Since Windisch made the decision to emigrate, he sees the end everywhere in the village. And time standing still for those who want to stay.

Set in a German village in Romania during Ceausescu’s dictatorship, the village miller, Windisch, sees decay and death all around him. He despises his wife Katharina (formerly a stunning beauty) for engaging in survival sex during the aftermath of war. And also, one suspects, for not being Barbara, his true love who died (along with her virtue) during the same conflict.

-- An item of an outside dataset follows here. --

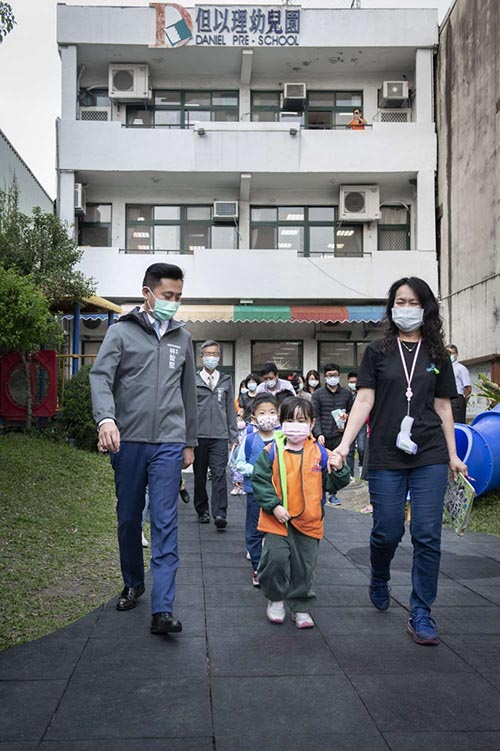 新竹市長林智堅視察幼兒園為學童量體溫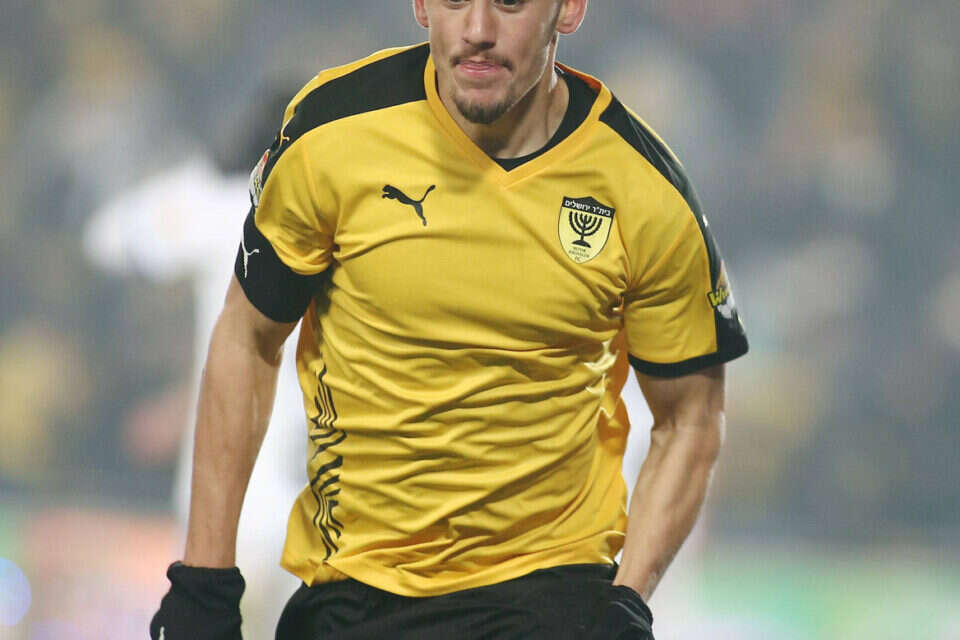 אצילי. מה הסיבה להוצאתו מהסגל? // אצילי. מה הסיבה להוצאתו מהסגל? ,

He is regularly bribing village officials with flour to get a passport, his family’s ticket out of communist Romania. But he keeps being told that it will ‘take more than flour’. It is an open secret that both the priest and the militiaman will require a bribe of the flesh. He agonises, tries to find another way. He justifies himself by telling himself that his daughter is not a virgin, because of the way she walks. And in the end, pimps her to the officials to get his precious documents, and despises her for it.

Allegory and Symbolism

Woman Putting on Lipstick

Amalie pulls the red dress over her head… Amalie’s red mouth is in the mirror.

It is laced through with allegory and superstition that didn’t really add to the story. The villagers burn an apple tree that they think has been possessed by the devil. Owls circle the houses of the dying. The miller breaks a mirror, said to presage 7 years bad luck.

Amalie wears a red dress and red lipstick to her rape. Her mother sells the dress before they move, as a symbol that she will not have to do that again, not in the glorious West. Perhaps the most frustrating aspect is that Windisch obviously sees Amalie’s degradation as his sacrifice. He is more concerned about his reputation than her suffering. There is an exquisitely written, utterly grotesque scene, where her parents are helping her get ready to seduce the militiaman. It’s like the family are pretending she is getting ready for a date; her mother tells her not to wear too much eyeshadow, lest people talk.

In the End

The best two stories are those outside of Windisch’s head. The one of Amalie’s disastrous date, where her lover abandons her (and suggests she instead marry a disturbed local boy who attacked her as a child). And Katharina’s tale of survival sex in the gulag. It’s no coincidence that these scenes happen outside the village, and away from the perspective of our tortured and torturing miller.

Would I recommend The Passport? This is a difficult one, because it is beautifully written. It is high quality. It is also bleak, dark and misogynistic. I wouldn’t want to read it again and will be donating it. But I do want to read her other works, particularly her non fiction.